Reflection for the fourteenth Sunday after Trinity
Jesus, in St Matthew 18:21-35: “Forgive your brother from your heart.”
Guardian to recycler: “Do you take the hard plastic cases from cassette tapes?”
Youngish recycler: “I’m sorry, my dear, I’ve no idea what you’re talking about.”
As one who, at the time, found it challenging this week to put into practice the words of Jesus due to being both patronised and treated like a dinosaur in an encounter with the generation gap, forgiveness is not easy!

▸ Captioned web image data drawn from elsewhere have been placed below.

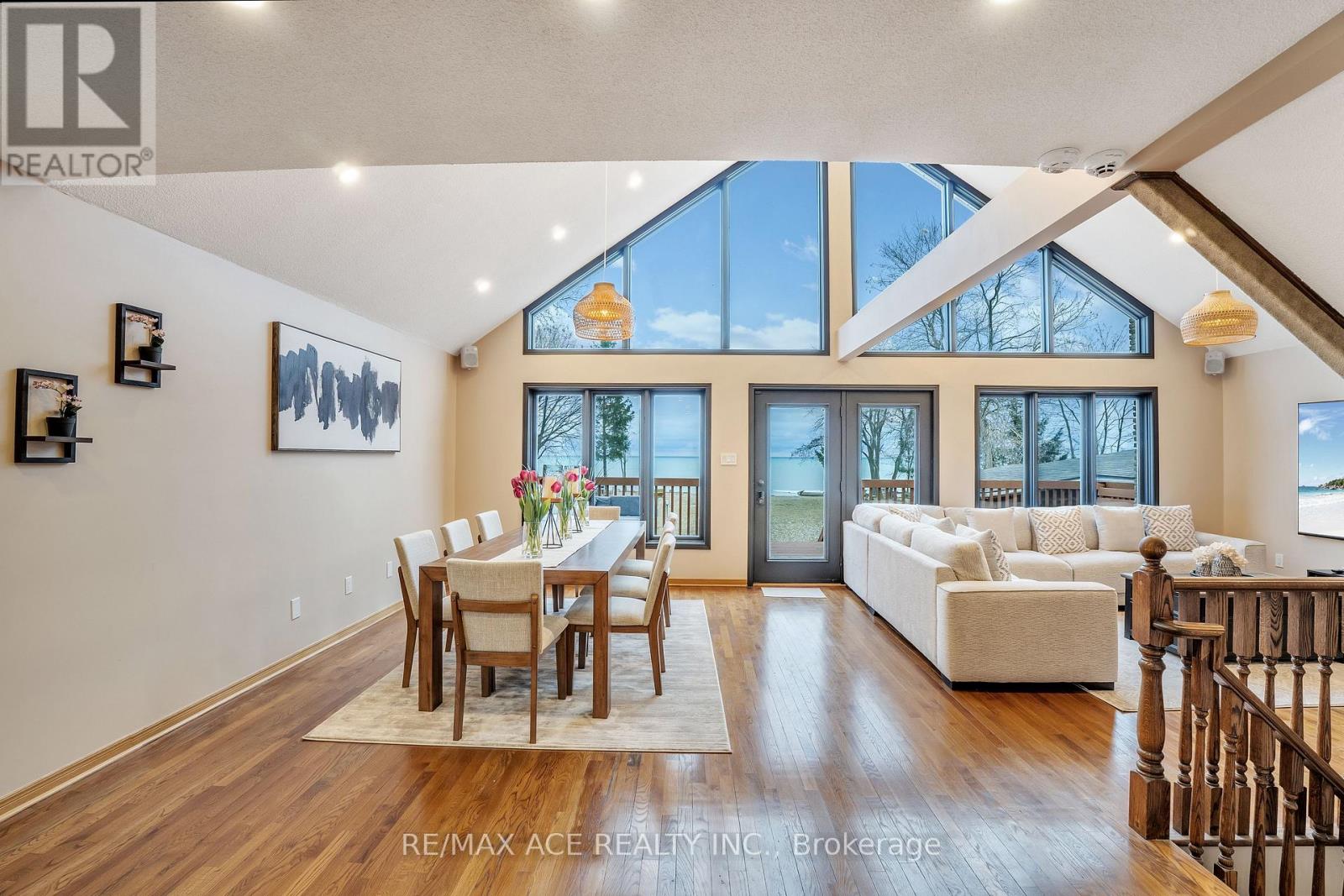 52 West Beach Road Property Photo 20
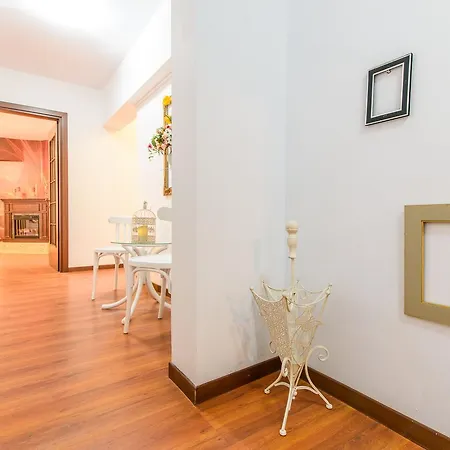 Apartment Pedestrian Old Town 3 Bedrooms By Orchid Garden *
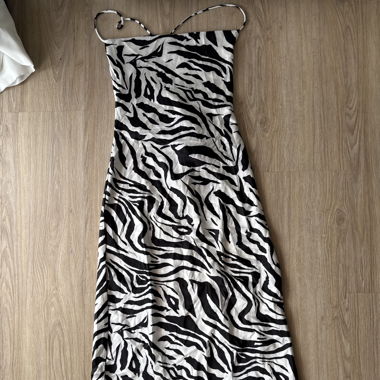 langes Sommerkleid hinten geschnürt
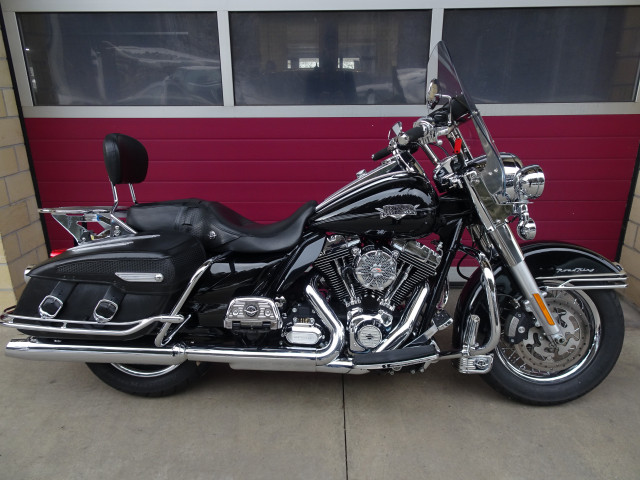 HARLEY-DAVIDSON FLHRC 1690 Road King Classic Touring Usato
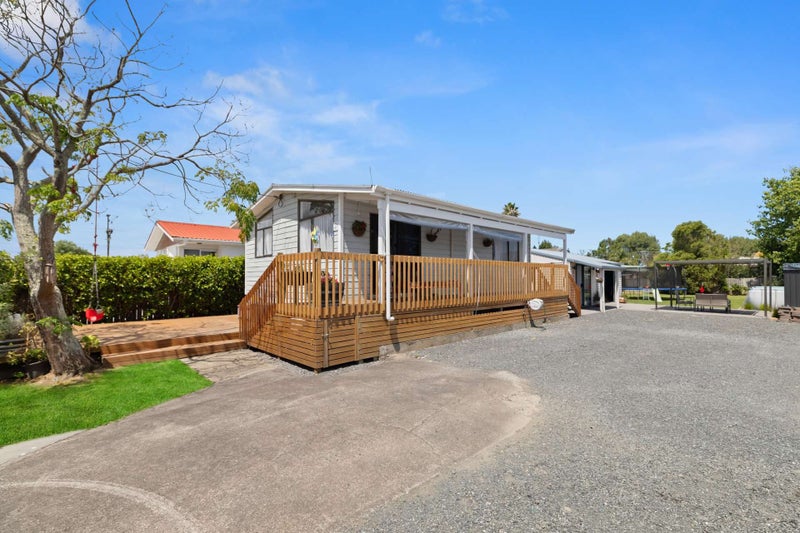 16 Te Moau Avenue, Parakai, Helensville - Carousel 2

One person who showed forgiveness in a quite remarkable way was Corrie ten Boom, a Dutch watchmaker who, with her family, took into their home and hid Jews being persecuted during the Second World War. In February 1944, an informant betrayed them and all ten family members were arrested – though not the six Jews and resistance workers who had been successfully hidden behind a false wall. In prison, where she was held in solitary confinement for three months, Corrie received a letter saying, “All the watches in your cabinet are safe” and so knew that all had escaped. She and her sister Betsie ended up in Ravensbrück concentration camp where Betsie died just fifteen days before Corrie was released on 16th December. Later, she was told that a clerical error had brought her freedom and all the women in Corrie’s age group (52) were sent to the gas chambers a week afterwards. What if she had not survived, like so many others?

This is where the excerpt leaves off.